Step 1: Understanding the Concept:
This question asks about the relationship between the integral of a function \(f\) and the integral of its absolute value \(|f|\). This is a standard property of Riemann integrals, analogous to the triangle inequality.
Step 2: Key Formula or Approach:
The key property is based on the inequality \(-|f(x)| \le f(x) \le |f(x)|\) for all \(x\).
By the monotonicity property of integrals, if \(g(x) \le h(x)\) for all \(x \in [a,b]\), then \(\int_a^b g(x)dx \le \int_a^b h(x)dx\).
We also need to know that if \(f\) is Riemann integrable, then \(|f|\) is also Riemann integrable.
Step 3: Detailed Explanation:
For any \(x \in [a,b]\), we have the following inequality:
\[ -|f(x)| \le f(x) \le |f(x)| \]
Since \(f\) is Riemann integrable, \(|f|\) is also Riemann integrable.
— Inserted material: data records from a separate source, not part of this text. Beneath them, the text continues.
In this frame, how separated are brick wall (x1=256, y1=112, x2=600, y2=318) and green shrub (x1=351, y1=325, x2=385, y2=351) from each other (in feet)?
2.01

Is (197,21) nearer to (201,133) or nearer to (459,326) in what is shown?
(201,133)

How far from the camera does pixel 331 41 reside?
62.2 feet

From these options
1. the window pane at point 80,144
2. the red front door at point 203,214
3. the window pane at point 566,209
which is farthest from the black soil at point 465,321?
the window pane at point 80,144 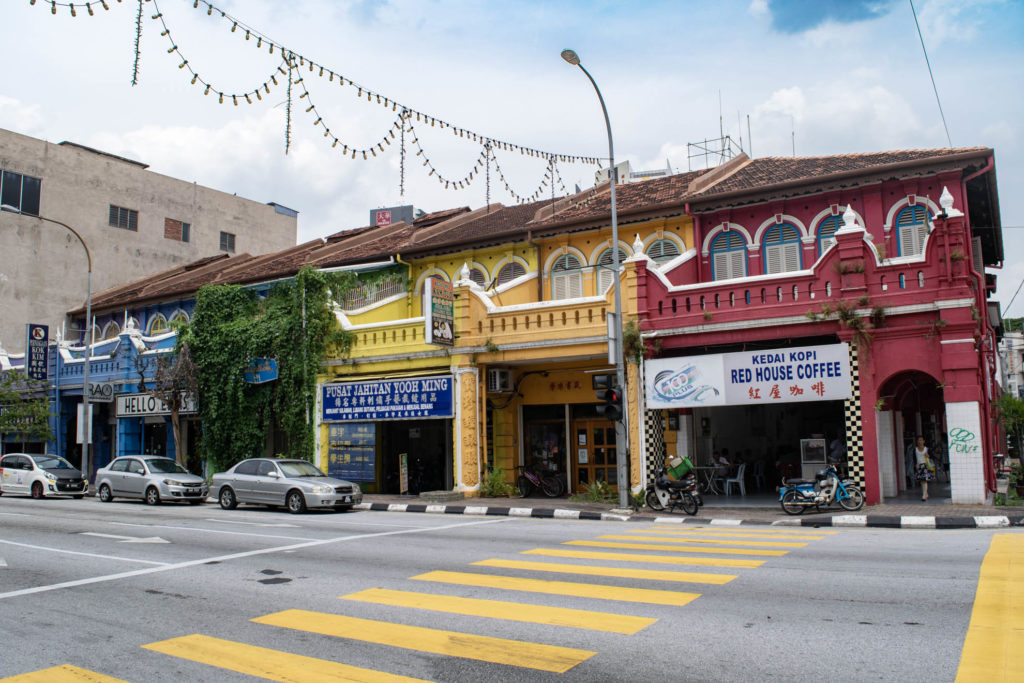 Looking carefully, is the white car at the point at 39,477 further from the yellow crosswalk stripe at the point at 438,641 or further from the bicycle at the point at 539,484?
the yellow crosswalk stripe at the point at 438,641

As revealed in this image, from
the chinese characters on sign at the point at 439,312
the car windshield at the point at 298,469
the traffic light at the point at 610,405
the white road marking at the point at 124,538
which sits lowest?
the white road marking at the point at 124,538

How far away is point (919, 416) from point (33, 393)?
33.5m

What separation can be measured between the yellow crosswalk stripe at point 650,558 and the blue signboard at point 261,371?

We can integrate this chain of inequalities over the interval \([a,b]\):
\[ \int_a^b -|f(x)|dx \le \int_a^b f(x)dx \le \int_a^b |f(x)|dx \]
\[ -\int_a^b |f(x)|dx \le \int_a^b f(x)dx \le \int_a^b |f(x)|dx \]
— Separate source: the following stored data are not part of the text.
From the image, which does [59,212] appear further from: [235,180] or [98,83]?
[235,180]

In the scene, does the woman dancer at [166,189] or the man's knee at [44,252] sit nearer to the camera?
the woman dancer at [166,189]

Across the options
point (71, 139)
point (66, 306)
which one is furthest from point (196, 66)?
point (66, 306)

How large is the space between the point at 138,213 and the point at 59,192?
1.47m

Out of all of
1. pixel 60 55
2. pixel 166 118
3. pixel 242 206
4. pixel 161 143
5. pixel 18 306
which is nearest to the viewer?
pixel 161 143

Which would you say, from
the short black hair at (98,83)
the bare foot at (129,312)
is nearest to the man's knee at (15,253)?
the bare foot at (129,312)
This compound inequality is the definition of the absolute value inequality. It can be rewritten as:
\[ \left| \int_a^b f(x)dx \right| \le \int_a^b |f(x)|dx \]
Now let's analyze the options:
- (A) \(\int_a^b f(x)dx \le \int_a^b |f(x)|dx\): This is the right-hand side of our derived inequality. It is always true.
- (B) \(\int_a^b |f(x)|dx \ge |\int_a^b f(x)dx|\): This is the same as the full result we derived, just written in reverse. It is also always true and is the most complete and standard form of the inequality.
- (C) \(\int_a^b f(x)dx = \int_a^b |f(x)|dx\): This is only true if \(f(x) \ge 0\) for all \(x \in [a,b]\). It is not true in general.
- (D) \(|\int_a^b f(x)dx| = \int_a^b f(x)dx\): This is only true if \(\int_a^b f(x)dx \ge 0\). It is not true in general.
Both (A) and (B) are correct statements. However, (B) is the stronger, more precise statement known as the integral version of the triangle inequality. The image shows the checkmark on option (A), which is a weaker but still correct statement. In many contexts, (B) would be considered the "best" answer.
Step 4: Final Answer:
The property of Riemann integrals states that \(|\int_a^b f(x)dx| \le \int_a^b |f(x)|dx\). This implies \(\int_a^b f(x)dx \le |\int_a^b f(x)dx| \le \int_a^b |f(x)|dx\), so statement (A) is true. Statement (B) is also true and is a more complete expression of the property. Given the marking, we select (A).